Francis Wurtz erinnerte auch daran, dass 1996 das Europaparlament
einen Beschluss gefasst hat, in dem darauf hingewiesen wird,
dass die PKK in der Lösung der kurdischen Frage eine wichtige
Rolle einnimmt und die Türkei dies akzeptieren müsse.
In einem Beschluss vom letzten Jahr hieß es, dass die
PKK, indem sie ihre bewaffneten Kräfte hinter die Staatsgrenzen
der Türkei zurück gezogen hat, die Grundlage für
die Friedensatmosphäre geschaffen hat.
Luisa Morgantini (MdEP): Die Kurden dürfen
nicht geopfert werden
MHA / 01-05-2002
Die Europaparlamentarierin Luisa Morgantini hat sich gegen die
Bemühungen ausgesprochen, die PKK auf die Liste der EU
zu setzen. Frau Morgantini, die darauf hinwies, dass das kurdische
Volk von der PKK nicht zu trennen ist, erklärte, dass Europa
eine demokratische Lösung der kurdischen Frage beschleunigen
sollte, anstatt die PKK in die Terrorliste aufzunehmen, wenn
es für das kurdische Volk etwas unternehmen möchte.
Im weiteren
wies sie darauf hin, dass die PKK mit ihrem strategischen Wechsel
die Probleme des kurdischen Volkes innerhalb den Grenzen der
Türkei mit demokratischen Mitteln zu lösen gedenke.

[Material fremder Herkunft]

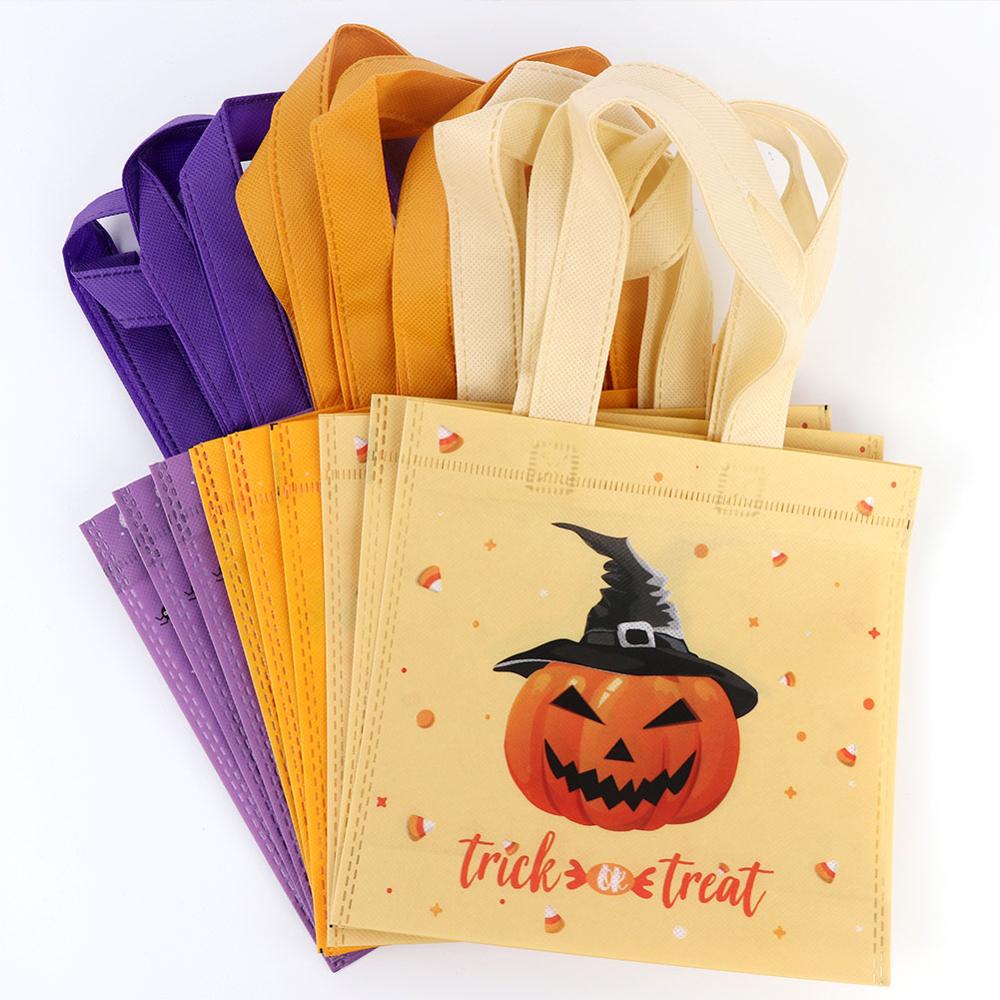 Ourwarm 24Pcs Halloween Non-woven Draagtas 8X8 Inch Pompoen Truc Of Behandelen Bags Met handvat Voor Halloween Party Benodigdheden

Die PKK habe seit drei Jahren nicht zu den Waffen gegriffen
und hat sogar vor kurzem erst ihren Namen geändert. In
so einer Phase die PKK als terroristisch abzutun sei in keiner
Weise zu akzeptieren.
Die Abgeordnete
deutete auch darauf hin, dass die Lösung der kurdischen
Frage mit legalen Mitteln auch den Rahmen für die Reise
Öcalans nach Europa darstellte.
Die Forderung des kurdischen Volkes sich frei zu artikulieren,
mit seiner Identität zu leben und die Zukunft der Region
im Rahmen einer Autonomie zu gestallten mit Terrorismus gleichzustellen,
sei nichts als Gewissenlosigkeit. Auch in Europa wollten die
Kurden ihre kulturellen Rechte erlangen.
"Ich
habe die Befürchtung, dass die Kurden auch jetzt geopfert
werden sollen, wie es in der Vergangenheit schon so oft der
Fall war. Und zwar im Interesse der Türkei im Gegenzug
zu ihrer Rolle, die sie im Rahmen der NATO in der Region einnimmt.
Dass die EU im Folge des Drucks der USA diesen Beschluss fassen
will, bringt neue Menschenrechtsverletzungen mit sich. Europa
darf nicht im Widerspruch zu seiner Existenzgrundlage handeln.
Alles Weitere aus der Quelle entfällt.